Efforts to call attention to the Sun's tactics have ranged from protesting at Tuesday night's baseball game between the Baltimore Orioles and Tribune-owned Chicago Cubs to reporters boycotting television appearances on media partner WMAR-TV Channel 2 and asking replacement workers to leave.

The recruiting of replacement workers, which began at least a month before negotiations were scheduled to end, has become one of the sorest points in negotiations.

"The scabs are infuriating people, and I'm sure scaring them as well," Calderone said.

Early Tuesday morning about a dozen union members organized to meet the replacement workers already training at the Sun.

Two vans from the Tremont Hotel in Baltimore dropped off nine workers that morning, but none would take the fliers guild members tried to give them.

"We just want them to understand our point of view," said photographer Amy Davis, who helped in the effort.

Calderone and other guild members have said such recruiting shows Sun management was planning for contract talks to stall.

But management said such actions were a necessary precaution.

"The Baltimore Sun has a promise to this community that it will publish a daily newspaper. And it has kept that promise for more that 30 years," said Mireille Grangenois, vice president of marketing and interactive media.

"We're not going to let a work stoppage ... stop us from publishing," Grangenois said.

To show their good faith in bargaining, management has offered union workers $1,000 bonuses if a contract is approved by the time the current four-year agreement ends.

But union members have called the offer a bribe.

At issue in the labor dispute are company proposals to cut sick days, charge more for health insurance, freeze raises of top earners for a year and allow the company to switch employees to different jobs as needed, regardless of pay differences.

The company says such changes are necessary to compete in the changing media world and mirror agreements made by guild members at its top competitor, The Washington Post.

But guild members say the company has done little to prove the need for such changes and has made few compromises at the bargaining table while the guild has already offered to lower its compensation requests. Union leaders were requesting annual 6 percent increases and have dropped the request to 4.25 percent annually.

"I've never been in a bargaining process where two weeks from the end there has been so little exchange," Calderone said.

The two sides also have disagreed over whether union members should be paid more to appear on television interviews. The newspaper has a content sharing agreement with ABC affiliate WMAR in Baltimore that promotes upcoming stories by allowing its reporters to be interviewed for the channel's nightly news segment.

Last week, some reporters started refusing to appear after interviews with science reporter Frank Roylance and statehouse reporter David Nitkin were pulled because the two wore guild buttons during a May 30 interview. Roylance said they were told the button made too much visual clutter on the screen.

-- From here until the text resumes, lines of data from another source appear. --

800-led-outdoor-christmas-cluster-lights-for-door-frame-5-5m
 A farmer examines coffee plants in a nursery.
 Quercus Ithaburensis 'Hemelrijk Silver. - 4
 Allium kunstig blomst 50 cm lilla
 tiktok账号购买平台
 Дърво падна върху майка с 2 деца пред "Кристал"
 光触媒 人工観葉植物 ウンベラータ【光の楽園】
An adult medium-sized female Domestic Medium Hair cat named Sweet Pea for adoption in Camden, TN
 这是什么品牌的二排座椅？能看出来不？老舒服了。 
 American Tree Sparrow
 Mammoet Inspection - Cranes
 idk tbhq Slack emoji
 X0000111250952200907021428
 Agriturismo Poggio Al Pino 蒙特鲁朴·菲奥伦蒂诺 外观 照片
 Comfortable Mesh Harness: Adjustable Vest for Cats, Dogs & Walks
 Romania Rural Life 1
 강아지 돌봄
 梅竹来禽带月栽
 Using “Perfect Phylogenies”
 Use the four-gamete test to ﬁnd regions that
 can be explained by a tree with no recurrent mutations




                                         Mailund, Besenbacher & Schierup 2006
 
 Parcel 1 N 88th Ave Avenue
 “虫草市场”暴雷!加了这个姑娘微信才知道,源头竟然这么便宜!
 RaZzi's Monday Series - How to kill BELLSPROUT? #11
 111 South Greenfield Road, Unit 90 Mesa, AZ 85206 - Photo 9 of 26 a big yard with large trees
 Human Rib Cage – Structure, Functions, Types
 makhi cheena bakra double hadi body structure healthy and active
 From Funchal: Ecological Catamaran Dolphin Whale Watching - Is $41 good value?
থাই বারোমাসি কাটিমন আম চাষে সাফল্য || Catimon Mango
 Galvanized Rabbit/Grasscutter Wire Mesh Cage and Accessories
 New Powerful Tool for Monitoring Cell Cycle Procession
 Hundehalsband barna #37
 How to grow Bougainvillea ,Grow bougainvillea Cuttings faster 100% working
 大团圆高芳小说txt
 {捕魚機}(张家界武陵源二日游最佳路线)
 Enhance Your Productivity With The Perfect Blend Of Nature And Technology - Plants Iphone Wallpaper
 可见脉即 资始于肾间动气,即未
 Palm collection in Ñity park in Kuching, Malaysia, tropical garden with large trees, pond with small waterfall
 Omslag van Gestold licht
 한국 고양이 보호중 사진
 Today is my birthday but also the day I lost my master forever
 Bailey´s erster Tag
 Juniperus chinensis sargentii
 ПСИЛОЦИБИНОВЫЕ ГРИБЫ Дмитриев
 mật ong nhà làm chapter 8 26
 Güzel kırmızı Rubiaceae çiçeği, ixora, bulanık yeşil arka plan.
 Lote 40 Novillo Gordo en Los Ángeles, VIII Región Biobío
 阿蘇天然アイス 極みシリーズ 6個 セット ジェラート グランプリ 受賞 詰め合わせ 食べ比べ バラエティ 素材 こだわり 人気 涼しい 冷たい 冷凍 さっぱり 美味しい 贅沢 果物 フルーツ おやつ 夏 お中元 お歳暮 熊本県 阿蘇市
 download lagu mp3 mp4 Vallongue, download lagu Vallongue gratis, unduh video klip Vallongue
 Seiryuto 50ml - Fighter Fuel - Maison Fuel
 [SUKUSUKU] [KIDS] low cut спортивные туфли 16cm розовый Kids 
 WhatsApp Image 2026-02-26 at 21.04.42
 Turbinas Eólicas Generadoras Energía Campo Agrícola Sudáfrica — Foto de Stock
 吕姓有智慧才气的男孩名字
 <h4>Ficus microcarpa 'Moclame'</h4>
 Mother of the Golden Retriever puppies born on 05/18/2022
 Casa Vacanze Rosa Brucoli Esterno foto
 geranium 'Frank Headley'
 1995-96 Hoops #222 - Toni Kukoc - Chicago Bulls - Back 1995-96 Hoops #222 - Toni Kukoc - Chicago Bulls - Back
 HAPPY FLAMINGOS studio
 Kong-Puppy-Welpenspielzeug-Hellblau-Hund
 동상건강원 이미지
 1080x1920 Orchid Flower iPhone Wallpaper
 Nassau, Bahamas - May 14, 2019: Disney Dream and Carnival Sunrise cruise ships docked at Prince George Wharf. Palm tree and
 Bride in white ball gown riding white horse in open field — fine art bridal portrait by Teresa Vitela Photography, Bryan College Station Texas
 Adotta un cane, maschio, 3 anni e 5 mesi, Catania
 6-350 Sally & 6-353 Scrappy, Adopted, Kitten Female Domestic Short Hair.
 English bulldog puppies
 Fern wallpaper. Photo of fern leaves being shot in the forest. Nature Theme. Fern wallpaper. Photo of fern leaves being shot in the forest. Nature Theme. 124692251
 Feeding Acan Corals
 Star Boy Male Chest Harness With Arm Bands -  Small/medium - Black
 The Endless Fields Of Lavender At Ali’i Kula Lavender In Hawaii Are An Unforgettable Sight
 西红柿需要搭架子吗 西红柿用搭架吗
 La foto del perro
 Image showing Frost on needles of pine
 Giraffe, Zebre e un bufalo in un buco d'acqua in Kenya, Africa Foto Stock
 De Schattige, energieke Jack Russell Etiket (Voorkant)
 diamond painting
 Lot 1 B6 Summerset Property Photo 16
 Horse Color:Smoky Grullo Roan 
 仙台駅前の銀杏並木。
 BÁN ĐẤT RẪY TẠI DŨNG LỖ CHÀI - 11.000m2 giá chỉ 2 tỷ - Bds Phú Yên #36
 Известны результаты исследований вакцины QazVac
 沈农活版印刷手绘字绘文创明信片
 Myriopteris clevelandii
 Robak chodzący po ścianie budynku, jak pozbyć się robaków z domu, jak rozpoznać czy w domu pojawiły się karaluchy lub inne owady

"Everyone has seen news programs on TV and clutter on the screen is the name of the game," Roylance said.

While Nitkin's segment never aired, Roylance said his ultimately was shown though his pin was covered by the ABC logo on the screen.

Roylance and union members doubted the decision was motivated by eye distractions. But WMAR management and Sun management have insisted the move followed station policies. The station does not allow reporters and interviewees to wear pins identifying them with groups outside a story.

"We are not pressured to run anything or put anything by the Sun on the air," said WMAR General Manager Drew Berry.

While negotiations remain tense, a labor expert said a strike was not inevitable.

"We don't have an impasse because at this point neither party has walked away from the table. The issue is when they break off talks, then it gets serious," said Lawrence J. Simpson, who teaches labor relations at the University of Baltimore's Merrick School of Business.

The last time Sun workers went on strike was 1987 when union members stopped work for six days over changes to the cost they paid for health insurance.

In 1965, a 65-day strike ended when customers started canceling subscriptions of the daily newspaper.